Now, with all of these statistical glad tidings, does it mean the country has arrived that comfort zone? Not by a mile! The president himself admitted that much.

The sweet-sour oil subsidy removal may have opened the spigot for far more cash into Nigeria’s three governmental tiers. But it hasn’t quite translated into a welfare boom for most. Indeed, the masses that received ‘little or nothing’ – in the president’s exact words – from oil subsidy have not exactly enjoyed a boom from the new non-subsidy regime.

Therein then lies the gravest challenge for the government – with its foes ever ready to weaponise the pains in the land; and demonise its gains with unending shrieks and anguish. While the opposition must play its politics – the government itself would have acted same in their shoes – President Tinubu must buckle down to further taming inflation, at least on food items and transport costs.

In fairness, food inflation is climbing down. But in many areas, it’s still higher than wages. That means the wage of many – if not most workers – can’t really take them home. Whoever listens to tales – no matter how sweet! – on rumbling tummy!

That grim reality may have prompted a N330 billion safety net conditional cash transfer to eight million poorest Nigerian households – very laudable! But until the cash ease is felt by those at the top of the poverty scale and the vanishing middle class, the government will still stay condemned to serenading its glorious statistics, with not a few looking askance.

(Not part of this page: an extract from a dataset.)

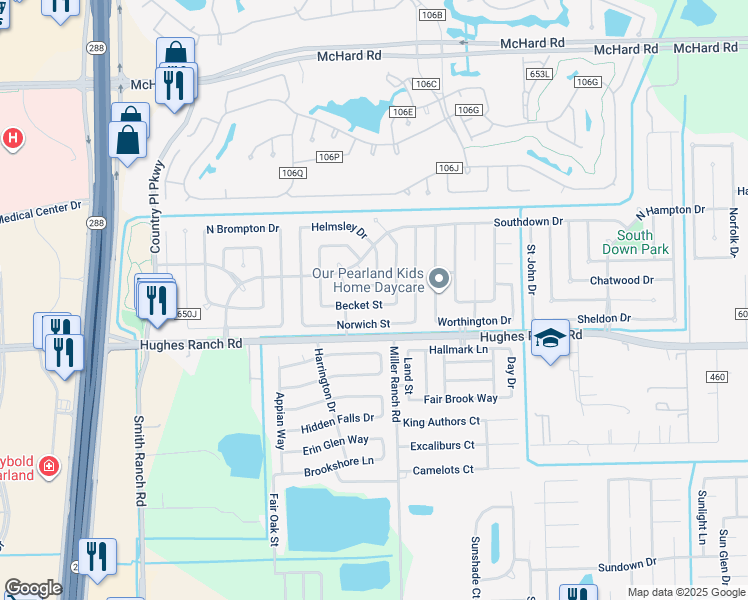 map of restaurants, bars, coffee shops, grocery stores, and more near 3046 Sherborne Street in Pearland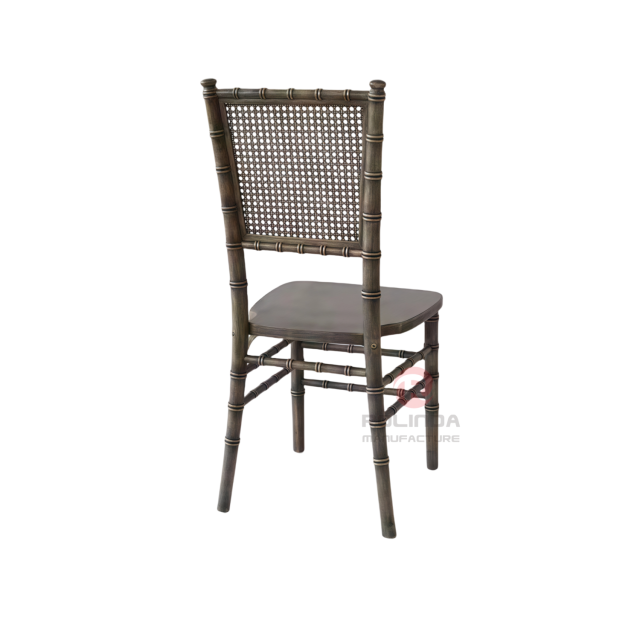 Black wedding banquet party rectangular grid backrest solid wood chair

Other areas the government can do far better are electricity – and security. But first, this presidential admission: ‘We do not have enough electricity to power our industries and homes today’ – candid!

Yet, it must be admitted: power appears generally more stable but not at that level that should sustainably power an economy to heights never seen. President Tinubu should take power as a personal challenge. The economy can’t hit US$ 1 trillion by 2031 with shambolic electricity.

On security, there have also been significant improvements. But such is the asymmetrical warfare of terror that it takes one terror hit, in one month, to rubbish the security progress of the last three years. The government should therefore keep pressing hard to root out these mindless felons.

Federalising the Police is critical to the new security beginning. The president, to be sure, has shown doughty commitment to state police. But he should use his bully pulpit to push state houses of assembly beyond the finishing line.

Across the board, the fundamentals are changing for the better. So, organised Labour, instead of ‘Aluta’ fixation with wage increases, should closely follow the numbers, galvanise their members to mega-productivity, in concert with the emerging better fundamentals. If, for instance, the economy expands four-fold, no government can dispute doubling wages as of right, citing the bogey of inflation. If they do, Labour can butt them down with clinical numbers. Now, is the time to start tracking and acting. As it is now, sans the political aristocrats, about everyone is underpaid in this economy.

As the president said, Nigeria since 1960 has gone through good and bad times. But for once, from these reform pains, a promising window appears opening to get it right. We – the government and the people – must ensure we don’t clap that window shut.